The Season 2 finale of “The Mandalorian” offers a major surprise, but it’s not enough to make up for the otherwise numbing action.

[Editor’s Note: The following review contains spoilers for “The Mandalorian” Season 2, Episode 8, “Chapter 16 – The Believer.”]

“Chapter 16 – The Rescue” is essentially the big-budget CGI equivalent of watching a small child smash his collection of action figures against each other.

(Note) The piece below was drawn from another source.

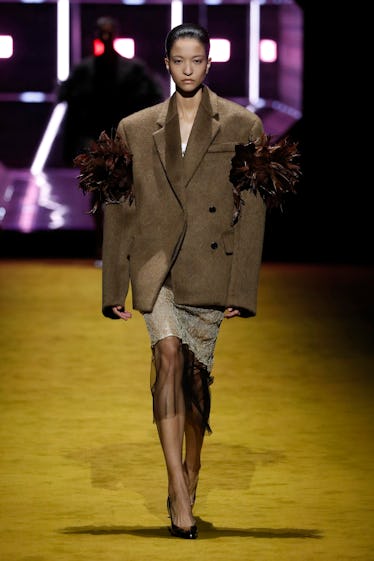 A model walks the runway at the Prada fashion show during the Milan Fashion Week Fall/Winter 2022/20...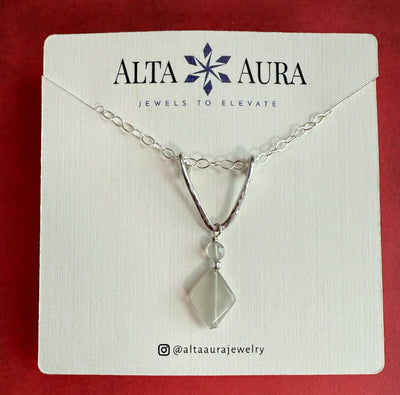 Labradorite and Moonstone Hand Hammered Pendant and Chain-Artisan Made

It’s messy, inconsistent, and utterly insane. But hey, at least the kid is having fun.

The Season 2 finale of “The Mandalorian” marks the long-awaited showdown between Mando (Pedro Pascal) and Moff Gideon (Giancarlo Esposito) following the latter’s kidnapping of Grogu earlier in the season. While the episode lives up to that front, features a squad between many of the show’s notable characters, and resolves the quest Mando started at the start of the season, it does so with so many boisterous action scenes and painful – and aggravating unanswered questions – that the end result is not particularly cathartic.

The episode kicks off with Mando, Boba Fett (Temuera Morrison), Fennec Shand (Ming-Na Wen) and Cara Dune (Gina Carano) intercepting Gideon’s whiny underling, Dr. Pershing (Omid Abtahi), providing the protagonists an important presentation on Gideon’s spaceship. (There’s no context to how the heroes tracked down Pershing, but if that spared viewers from another side-quest episode, so be it.) Cut to a lackluster canteen where Mando and Boba form a difficult alliance with Mandalorians Bo-Katan Kryze (Katee Sackhoff) and Koska Reeves (Mercedes Varnado), and the stage is set for a general assault on Gideon.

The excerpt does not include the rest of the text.